> **Work to be completed**: Everything in the records must be reproduced exactly, except for the pictures.

> **Source data**:
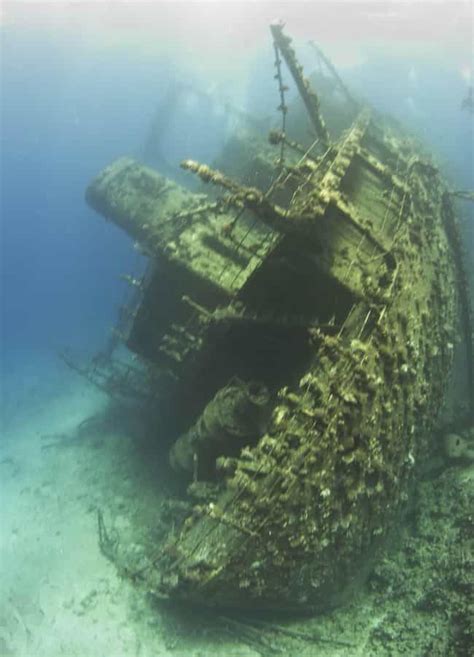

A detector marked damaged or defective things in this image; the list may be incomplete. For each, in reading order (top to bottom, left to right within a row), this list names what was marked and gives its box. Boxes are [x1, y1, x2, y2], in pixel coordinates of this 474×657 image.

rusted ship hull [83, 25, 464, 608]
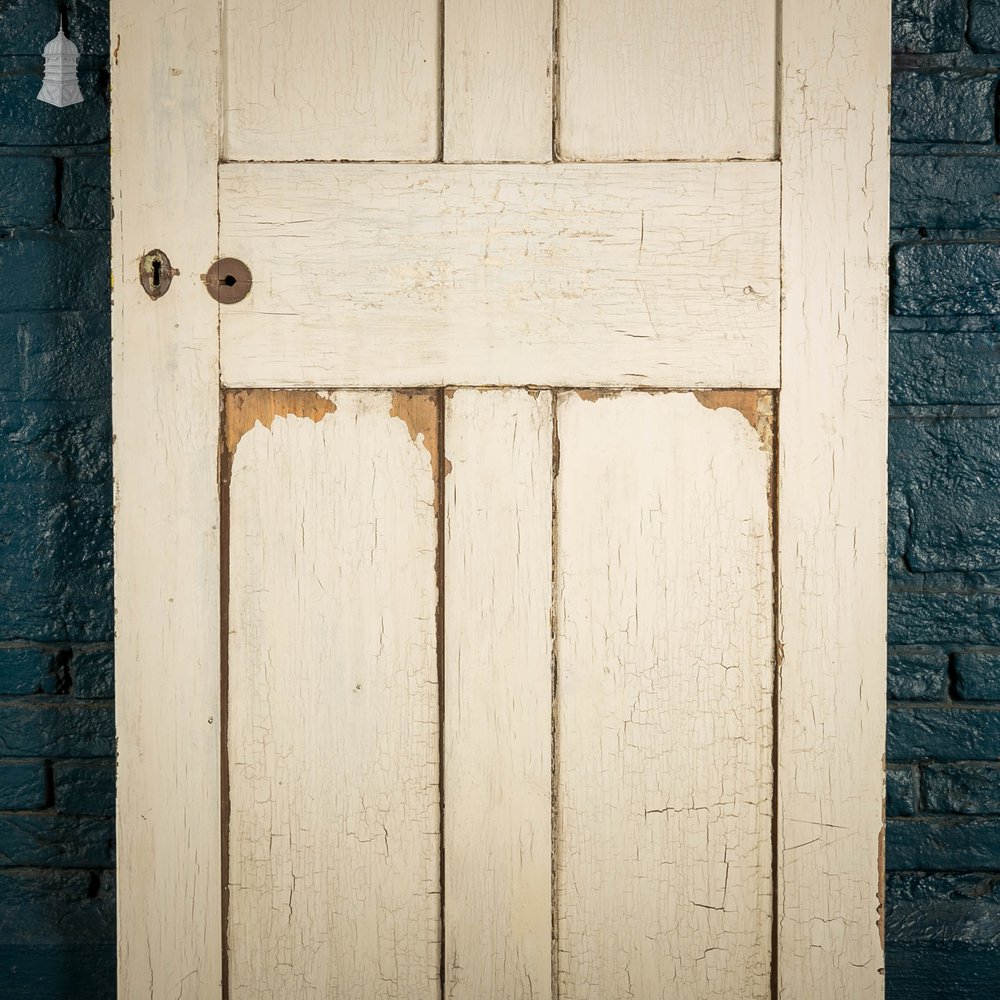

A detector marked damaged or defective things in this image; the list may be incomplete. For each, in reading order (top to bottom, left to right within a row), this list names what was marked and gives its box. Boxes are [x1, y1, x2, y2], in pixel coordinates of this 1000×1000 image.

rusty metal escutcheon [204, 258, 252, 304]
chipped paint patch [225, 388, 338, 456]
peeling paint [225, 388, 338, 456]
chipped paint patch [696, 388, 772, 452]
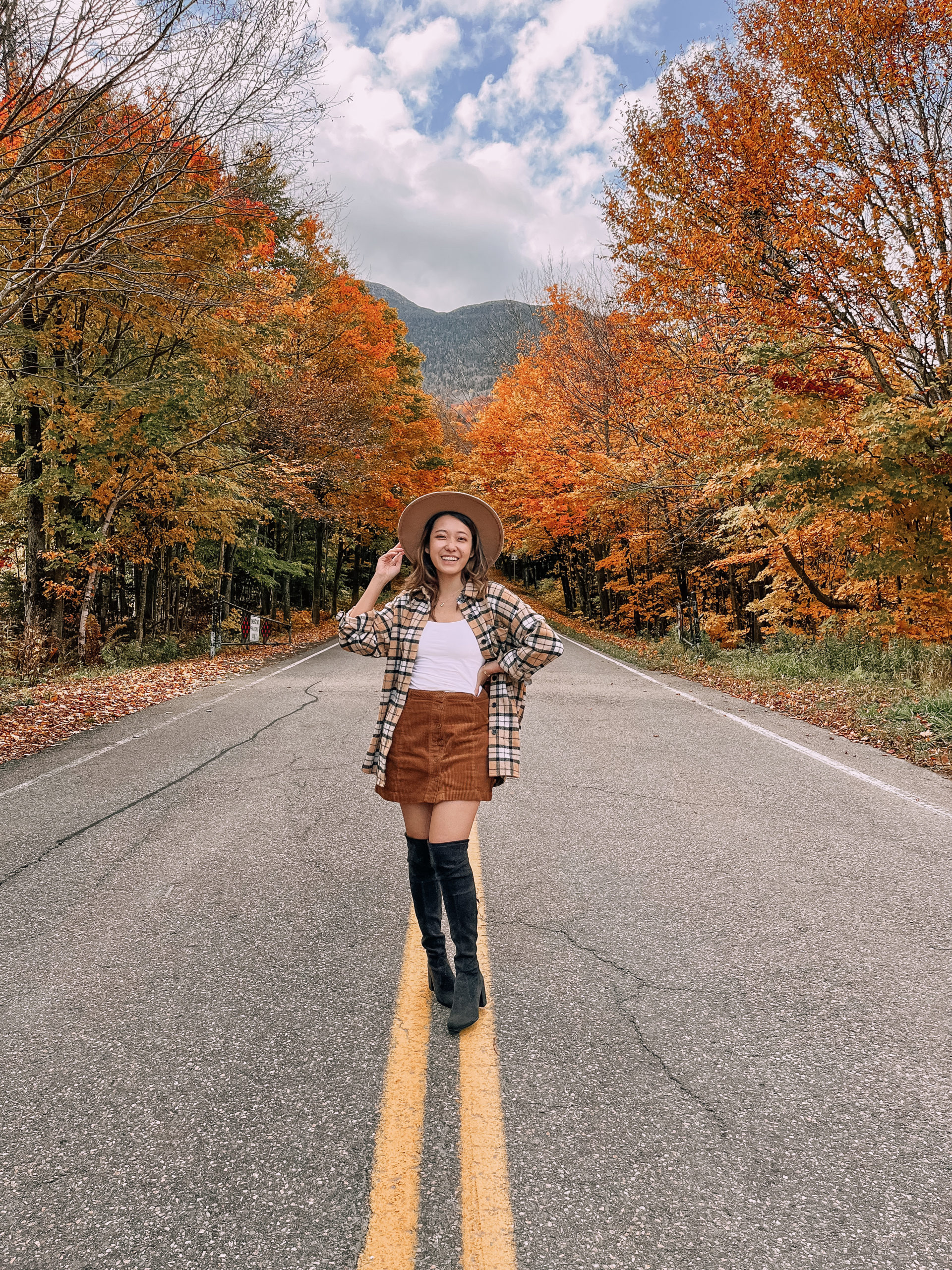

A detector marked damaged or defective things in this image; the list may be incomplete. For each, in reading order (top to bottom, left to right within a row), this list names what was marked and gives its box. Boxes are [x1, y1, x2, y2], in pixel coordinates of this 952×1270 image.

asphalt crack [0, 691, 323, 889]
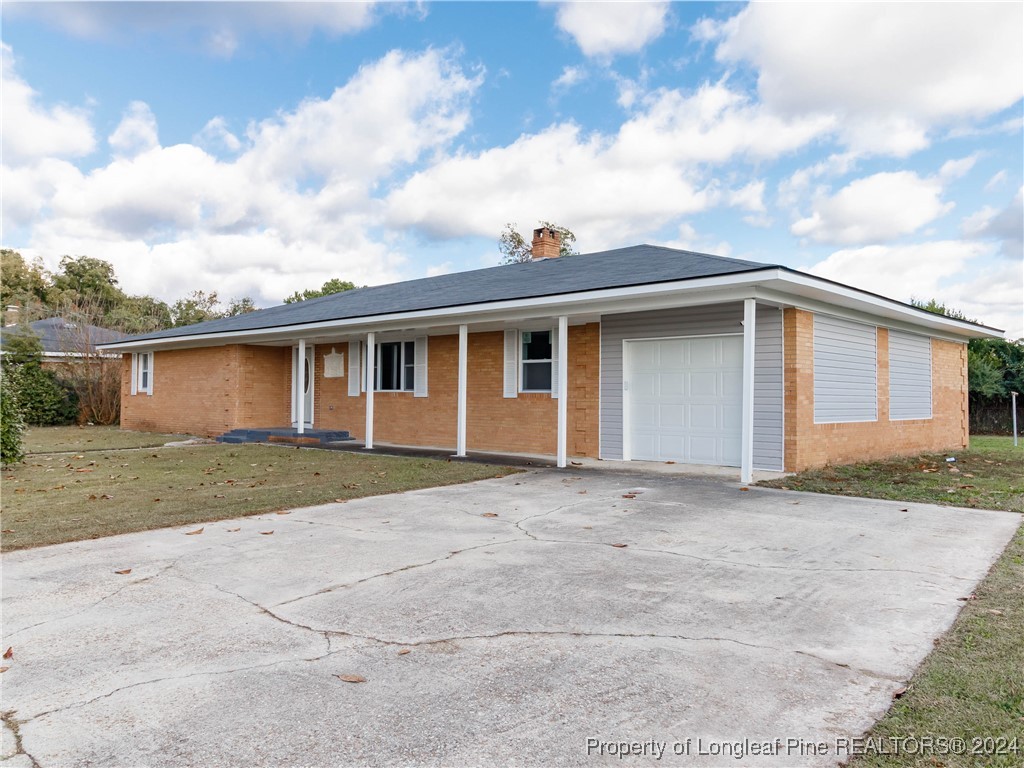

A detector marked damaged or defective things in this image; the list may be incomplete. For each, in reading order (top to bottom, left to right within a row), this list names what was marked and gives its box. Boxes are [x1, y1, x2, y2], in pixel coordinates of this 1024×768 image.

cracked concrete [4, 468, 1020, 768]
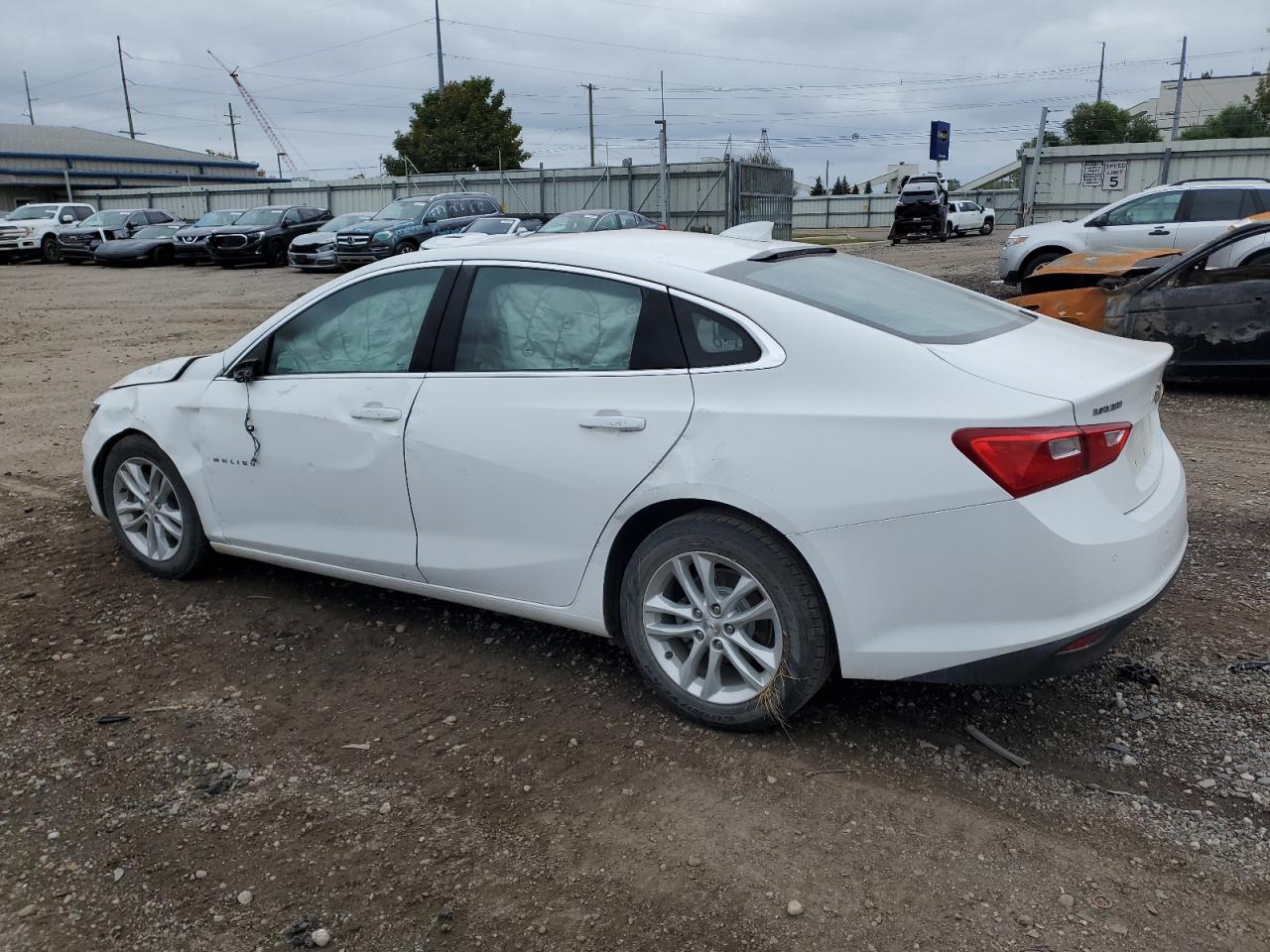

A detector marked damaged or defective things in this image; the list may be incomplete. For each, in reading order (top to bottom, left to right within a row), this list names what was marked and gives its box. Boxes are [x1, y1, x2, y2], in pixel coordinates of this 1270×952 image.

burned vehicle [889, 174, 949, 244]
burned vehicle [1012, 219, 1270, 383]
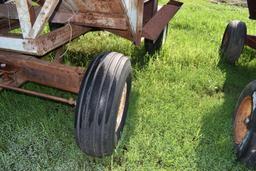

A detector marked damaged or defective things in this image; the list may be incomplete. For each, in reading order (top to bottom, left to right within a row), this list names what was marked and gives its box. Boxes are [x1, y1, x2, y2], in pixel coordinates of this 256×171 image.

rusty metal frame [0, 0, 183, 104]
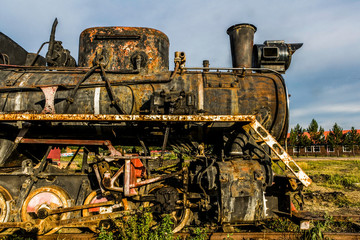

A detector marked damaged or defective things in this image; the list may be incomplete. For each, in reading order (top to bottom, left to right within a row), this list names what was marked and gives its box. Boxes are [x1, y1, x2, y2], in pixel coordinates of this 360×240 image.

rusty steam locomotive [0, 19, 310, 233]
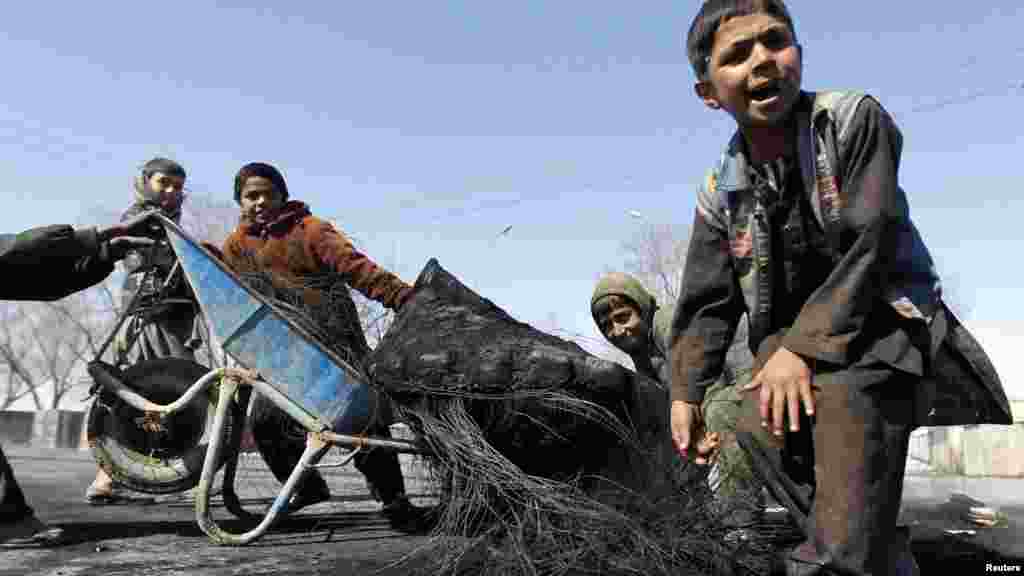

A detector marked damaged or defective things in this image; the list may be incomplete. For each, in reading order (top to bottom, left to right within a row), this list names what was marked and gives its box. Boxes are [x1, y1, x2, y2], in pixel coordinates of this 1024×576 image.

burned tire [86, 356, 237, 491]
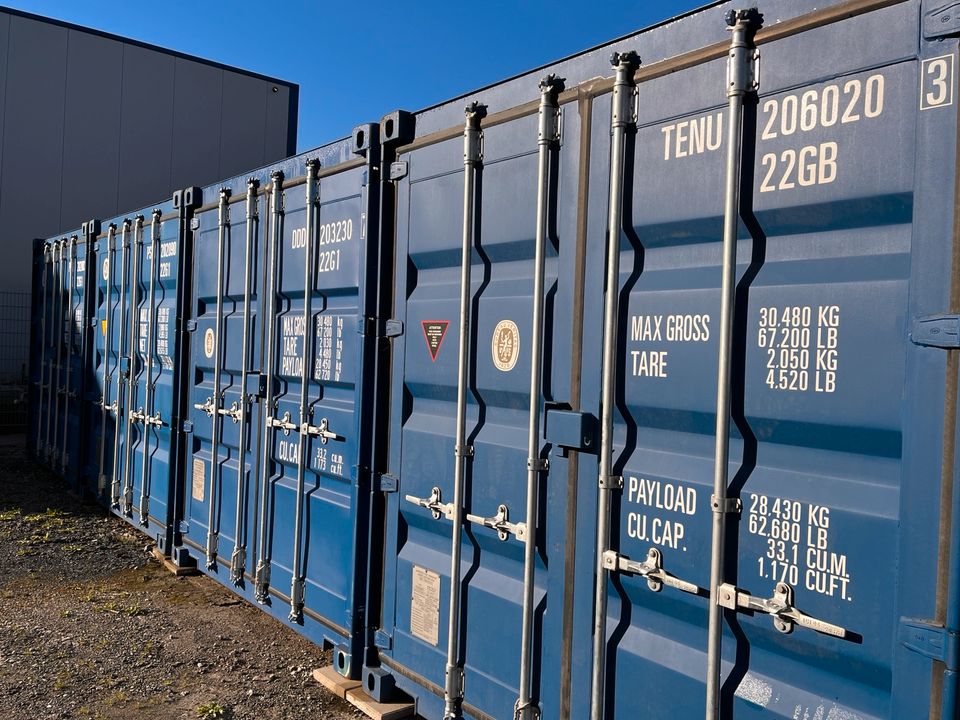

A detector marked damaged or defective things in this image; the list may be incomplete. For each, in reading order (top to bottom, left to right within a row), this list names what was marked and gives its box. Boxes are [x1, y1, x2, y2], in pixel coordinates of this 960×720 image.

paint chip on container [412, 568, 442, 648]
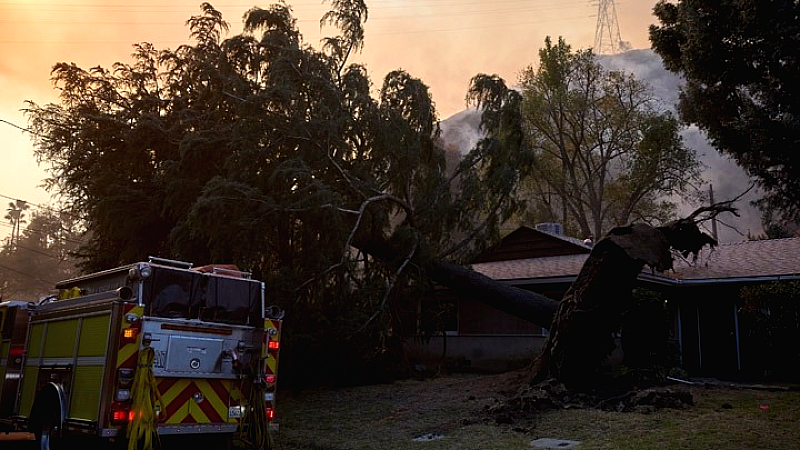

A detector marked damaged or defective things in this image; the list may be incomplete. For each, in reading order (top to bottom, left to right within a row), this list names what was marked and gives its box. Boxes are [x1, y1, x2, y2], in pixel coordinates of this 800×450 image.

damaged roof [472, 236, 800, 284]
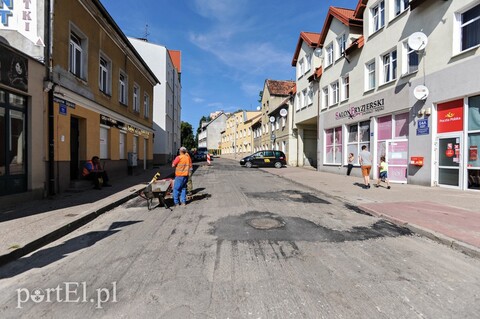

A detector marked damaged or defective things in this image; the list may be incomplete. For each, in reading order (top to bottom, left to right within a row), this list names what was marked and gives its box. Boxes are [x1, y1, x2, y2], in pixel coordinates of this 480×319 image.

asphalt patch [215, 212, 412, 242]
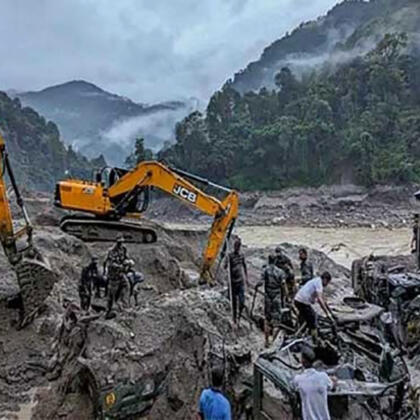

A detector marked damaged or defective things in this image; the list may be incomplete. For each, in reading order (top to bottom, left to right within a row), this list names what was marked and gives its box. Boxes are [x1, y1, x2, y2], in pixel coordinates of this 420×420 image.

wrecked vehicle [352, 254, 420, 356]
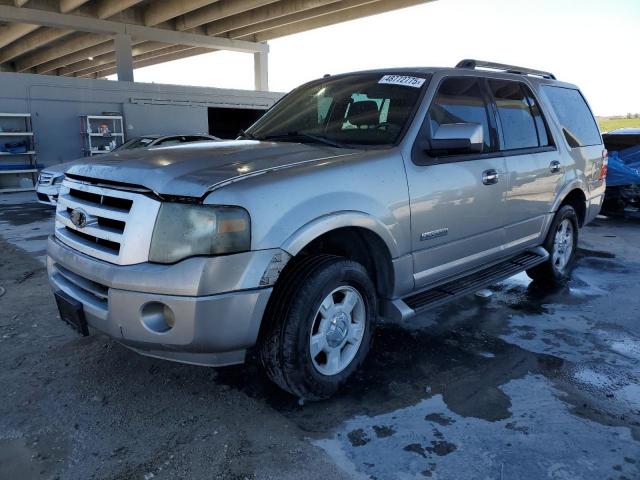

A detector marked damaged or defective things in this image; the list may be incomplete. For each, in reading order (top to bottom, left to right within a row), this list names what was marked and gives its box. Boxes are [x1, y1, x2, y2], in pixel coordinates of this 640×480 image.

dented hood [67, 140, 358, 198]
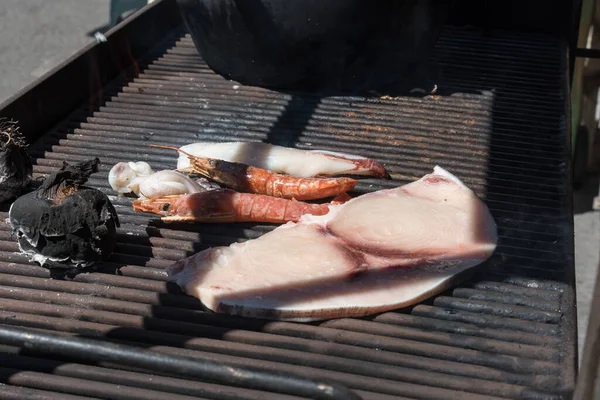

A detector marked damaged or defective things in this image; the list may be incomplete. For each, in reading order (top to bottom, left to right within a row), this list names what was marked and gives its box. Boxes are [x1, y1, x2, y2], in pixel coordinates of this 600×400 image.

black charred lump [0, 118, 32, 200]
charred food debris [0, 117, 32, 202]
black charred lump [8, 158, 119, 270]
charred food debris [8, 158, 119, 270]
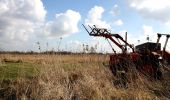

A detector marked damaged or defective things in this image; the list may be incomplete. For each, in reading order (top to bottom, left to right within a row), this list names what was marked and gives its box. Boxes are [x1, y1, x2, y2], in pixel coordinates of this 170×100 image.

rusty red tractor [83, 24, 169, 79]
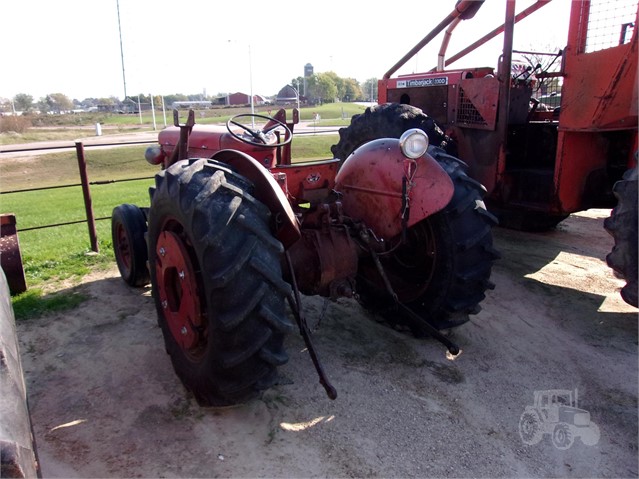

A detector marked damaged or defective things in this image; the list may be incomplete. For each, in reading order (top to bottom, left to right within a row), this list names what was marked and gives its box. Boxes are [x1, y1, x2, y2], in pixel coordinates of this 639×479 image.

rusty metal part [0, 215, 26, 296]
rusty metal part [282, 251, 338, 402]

> **Result below**:
A detector marked damaged or defective things in this image; the list may be incomplete. For each, in reading order (top to bottom, left to right within a row), this list names what was marked and gives its box. Boxes are [x1, y1, x2, y2], in pixel coordinates of this 474×657 image.

rusted ship hull [83, 25, 464, 608]

A detector marked damaged or defective things in this image; the list may be incomplete. For each, in reading order (top to bottom, left to right within a row), this list names what was marked and gives its box. Boxes are [x1, y1, x2, y2], in pixel coordinates of this 1000×1000 image.

rusty metal escutcheon [204, 258, 252, 304]
chipped paint patch [225, 388, 338, 456]
peeling paint [225, 388, 338, 456]
chipped paint patch [696, 388, 772, 452]

A detector marked damaged or defective things in this image; the list may be incomplete. For each, in reading order (top to bottom, left to right within a row), this list names what was marked and gives its box. Boxes are [x1, y1, x2, y2], in pixel coordinates of this 952×1270 image.

asphalt crack [0, 691, 323, 889]

A detector marked damaged or defective things in this image; the list may be incomplete. For each, in reading order (top to bottom, left to right within a row), this list names what was marked and gives its box. Boxes are [x1, y1, x2, y2], in pixel coordinates of this 1024×768 image.

cracked concrete [4, 468, 1020, 768]

A detector marked damaged or defective things in this image; the list may be incomplete. For each, in reading order (top to bottom, left to right within a row), this list names what was marked and gives its box. Boxes are [x1, y1, x2, y2], in pixel coordinates of this 1270×952 image.

burned vehicle [889, 174, 949, 244]
burned vehicle [1012, 219, 1270, 383]

A detector marked damaged or defective things in this image; the list may be incomplete. For each, in reading order (top to bottom, left to right within a row), this list names what was marked and gives its box. Boxes are [x1, y1, x2, y2], in pixel coordinates of this 256×171 image.

rusty metal frame [0, 0, 183, 104]

A detector marked damaged or defective things in this image; the list may be incomplete. For each, in reading order (top to bottom, left to right within a row), this list names what was marked and gives its box. Boxes are [x1, y1, x2, y2], in pixel coordinates of this 360×240 image.

rusty steam locomotive [0, 19, 310, 233]

A detector marked damaged or defective things in this image; the list may be incomplete. For each, in reading order (top to bottom, left to right within a row), this list names what was marked and gives its box. Boxes are [x1, y1, x2, y2], in pixel coordinates of this 1024×576 image.

burned tire [86, 356, 237, 491]

A detector marked damaged or defective things in this image; the list may be incomplete. For each, in reading order (top to bottom, left to right within a row), this list names what was marked and gives its box. Boxes are [x1, y1, x2, y2], in pixel coordinates of this 960×720 image.

paint chip on container [412, 568, 442, 648]

A detector marked damaged or defective things in this image; the list may be incomplete. For each, in reading order (top to bottom, left to right within a row), this list names what was marked and gives its box. Boxes are [x1, y1, x2, y2], in pixel coordinates of this 800×450 image.

damaged roof [472, 236, 800, 284]

A detector marked damaged or defective things in this image; the list may be incomplete. For each, in reading order (top to bottom, left to right within a row), this list names what was marked and gives its box. Boxes are [x1, y1, x2, y2], in pixel coordinates of this 480×319 image.

asphalt patch [215, 212, 412, 242]

A detector marked damaged or defective things in this image; the list may be incomplete. For each, in reading order (top to bottom, left to right within a row), this list names what was marked and gives its box. Boxes are [x1, y1, x2, y2], in pixel coordinates of this 420×420 image.

wrecked vehicle [352, 254, 420, 356]

A detector marked damaged or defective things in this image; the list may be incomplete. For each, in reading order (top to bottom, left to right within a row), this list names what was marked and gives its box. Boxes are [x1, y1, x2, y2], in pixel coordinates of this 640×480 image.

dented hood [67, 140, 358, 198]

A detector marked damaged or defective things in this image; the list may be incomplete. For each, in reading order (top to bottom, left to right within a row), this list names what was marked and gives its box. Boxes are [x1, y1, x2, y2], in pixel coordinates of this 600×400 image.

black charred lump [0, 118, 32, 200]
charred food debris [0, 117, 32, 202]
black charred lump [8, 158, 119, 270]
charred food debris [8, 158, 119, 270]

A detector marked damaged or defective things in this image; the list may be incomplete. For each, in reading order (top to bottom, left to right within a row), this list names what was marked and gives its box. Boxes are [x1, y1, x2, y2], in pixel coordinates of this 170×100 image.

rusty red tractor [83, 24, 169, 79]

A detector marked damaged or defective things in this image; the list may be incomplete. For each, in reading order (top to bottom, left to right within a row), this list names what was marked and gives its box. Boxes are [x1, y1, x2, y2], in pixel coordinates of this 639×479 image.

rusty metal part [0, 215, 26, 296]
rusty metal part [282, 251, 338, 402]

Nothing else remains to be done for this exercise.